A hardened lawyer pursues a case that appears to have pushed his colleague to the edge.
Michael Clayton (George Clooney) is called in to help his long time friend Arthur Edens (Tom Wilkinson) after he suffers some form of breakdown in the middle of a boardroom meeting. However, this ‘breakdown’ is not what it first seemed, and actually is a cry for help I. The taking down of a huge chemical company. Unfortunately for Arthur, Michael realises this too late, and then has to take down the whole of United Northfields by himself, whilst also attracting the company’s attention which, when there is a multi-billion dollar lawsuit in hand, isn’t something you particularly want to do.
Michael Clayton is one of those legal thrillers that critics love and basically anyone who doesn’t have a career within the legal system hates, or at least strongly dislikes. I’ll be honest with you, I had to read up online about what actually happened in this film because I had no clue other than a chemical company was more or less going to kill everyone and it was down to one man to stop it. The thing with films about mega-bucks takedowns is you need to know how things work in that type of environment, and if you don’t know anything about it, it’s really of no interest to you. I spent half of the film trying to figure out what was going on, and when I finally found out, I just didn’t care.
In this case, normally the film would be salvaged slightly by loveable characters, or interesting characters, or just characters of any general description, but with Michael Clayton there just seemed to be nothing to get attached to with these characters. Take Michael himself for example; there really were no defying features other than he had a son, a drug-addict brother and a gambling problem. So what does he do? He throws himself into his work, of course. But other than that, there was nothing to cling onto, and seeing as a lawyer with a crappy personal life is nothing new, feeling sorry for him didn’t work.
Then there was Karen Crower, played by Tilda Swinton. Swinton won an Oscar for her part of Karen, who is heavily involved with Untied Northfields.
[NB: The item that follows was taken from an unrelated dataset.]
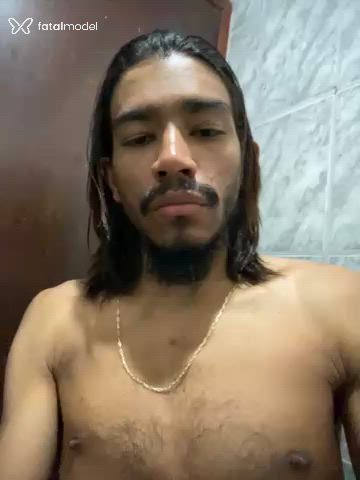 Acompanhante homem com cabelo castanho de olhos castanhos - Bruno Mineirin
Congratulations to her obviously, but I must say I found it to be a pretty underwhelming performance, and because of the business bitch persona she took on here, I found it quite hard to warm to her as well.
For me, the only real joy came at the end when United Northfields discovered just how screwed they were. Unfortunately, that was only a mere forty-seven seconds in the whole two hour film.
I’d definitely say that Michael Clayton is probably an alright watch provided you know what it’s about. However, I’d also say that it’s not for everyone, certainly not for me, and if you’re like me, you won’t be rushing out to watch it for a second time. A real love it or loathe it, I reckon.